## What the task asks:
Some entries follow. Reproduce exactly the lines starting at the one with "vel Muzieknotities Kerstmis" and stopping after the one with "deconstructed sushi bowl".

(Beginning of Material provided)

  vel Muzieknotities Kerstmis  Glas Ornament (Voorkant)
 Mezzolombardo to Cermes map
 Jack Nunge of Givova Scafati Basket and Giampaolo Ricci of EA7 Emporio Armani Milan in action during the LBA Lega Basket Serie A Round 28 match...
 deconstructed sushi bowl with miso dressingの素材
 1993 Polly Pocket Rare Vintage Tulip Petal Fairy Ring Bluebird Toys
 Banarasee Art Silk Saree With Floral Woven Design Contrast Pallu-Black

(End of Material provided)
(Beginning of Material provided)

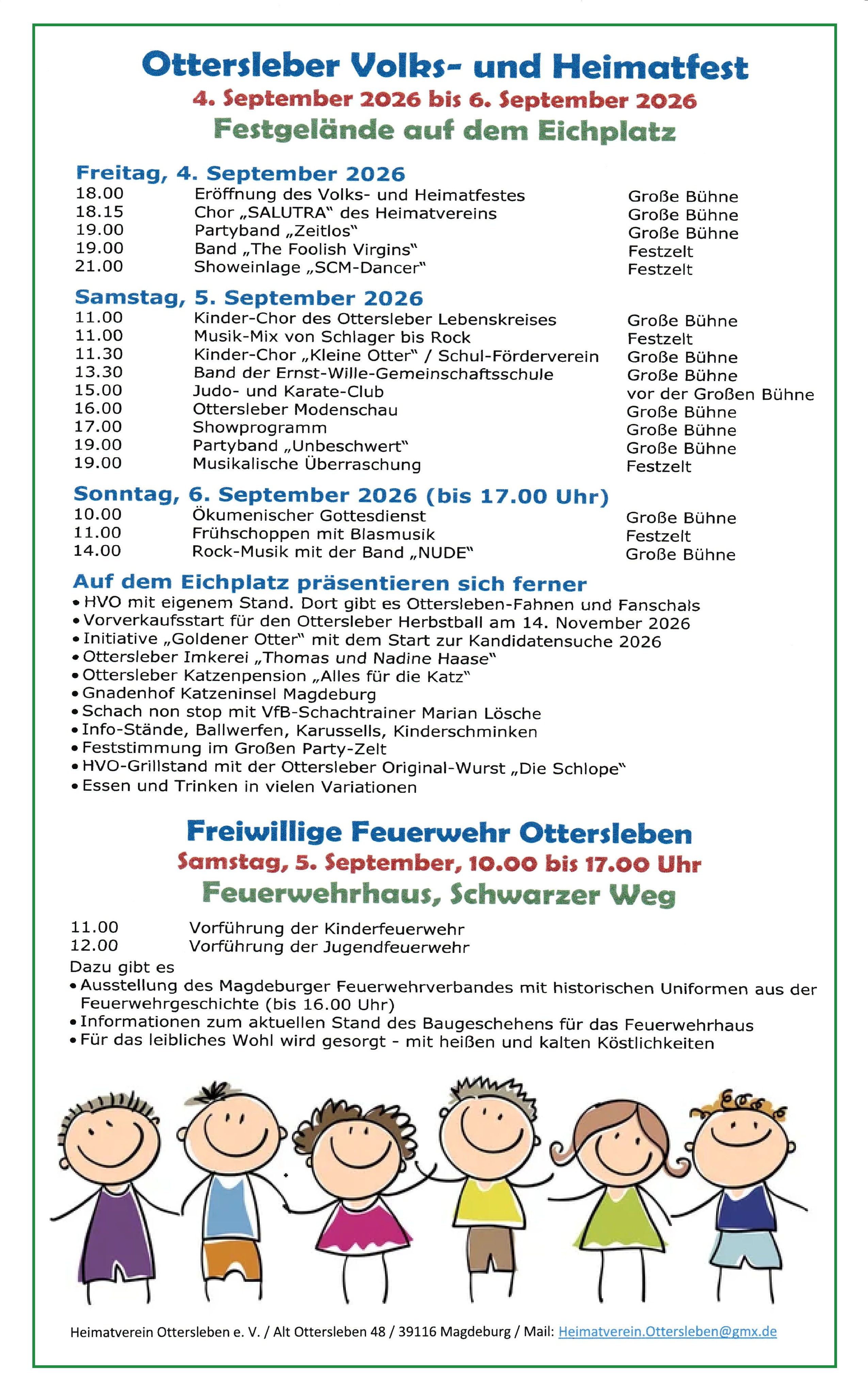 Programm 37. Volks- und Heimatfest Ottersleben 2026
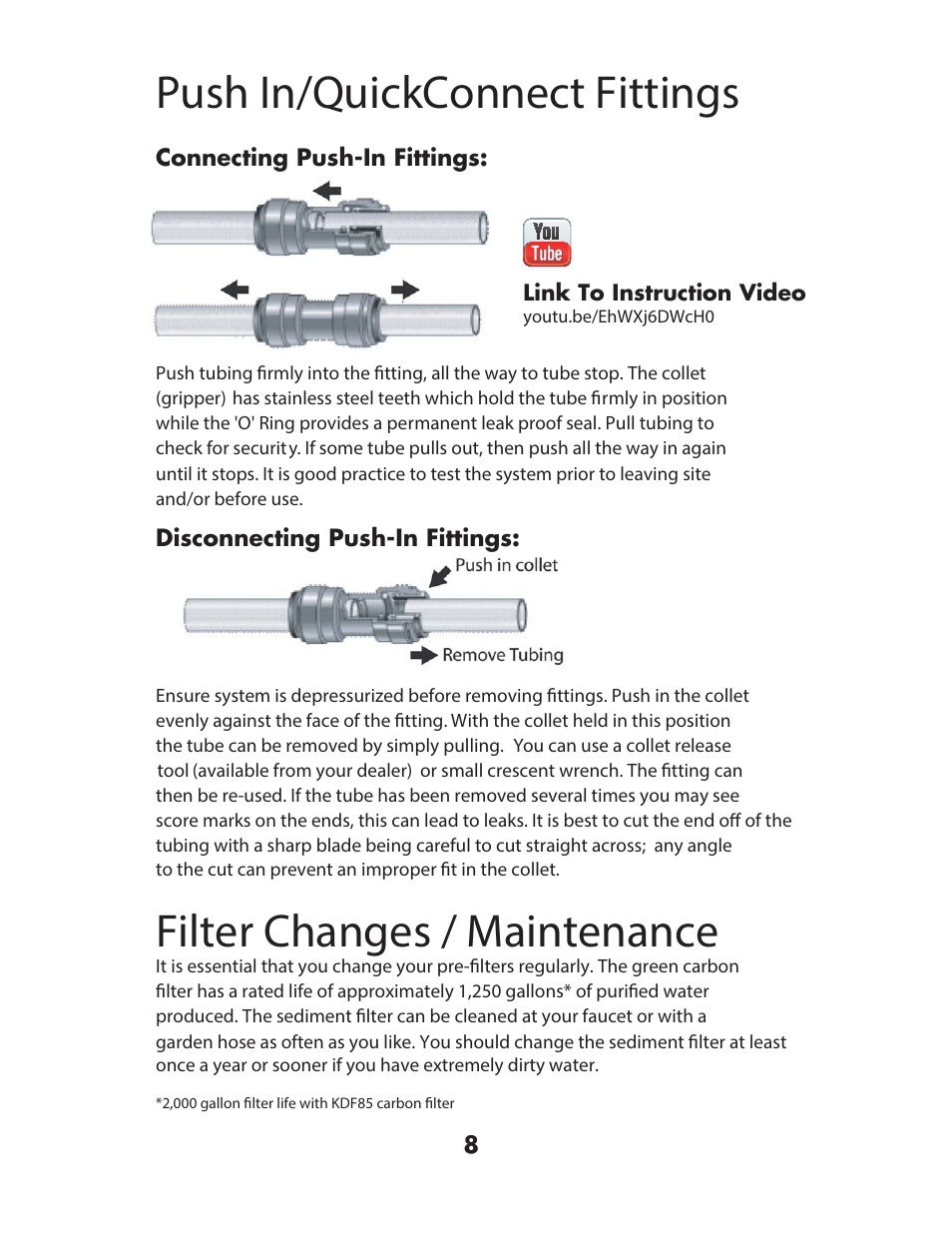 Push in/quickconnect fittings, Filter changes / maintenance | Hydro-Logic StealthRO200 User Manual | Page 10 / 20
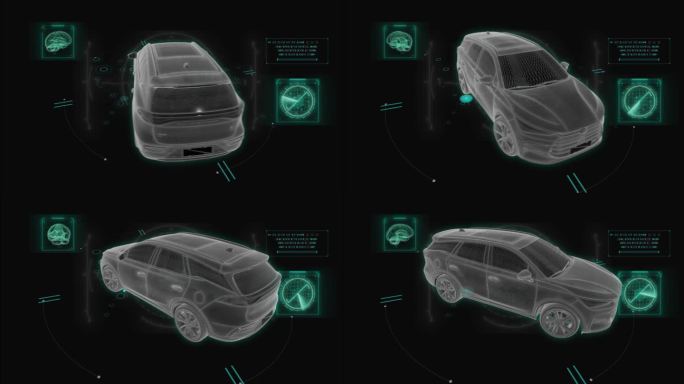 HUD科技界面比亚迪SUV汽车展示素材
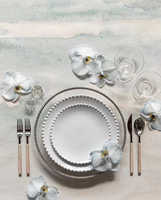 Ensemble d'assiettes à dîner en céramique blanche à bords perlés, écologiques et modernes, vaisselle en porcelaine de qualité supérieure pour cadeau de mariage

(End of Material provided)

## Output for this task:
  vel Muzieknotities Kerstmis  Glas Ornament (Voorkant)
 Mezzolombardo to Cermes map
 Jack Nunge of Givova Scafati Basket and Giampaolo Ricci of EA7 Emporio Armani Milan in action during the LBA Lega Basket Serie A Round 28 match...
 deconstructed sushi bowl with miso dressingの素材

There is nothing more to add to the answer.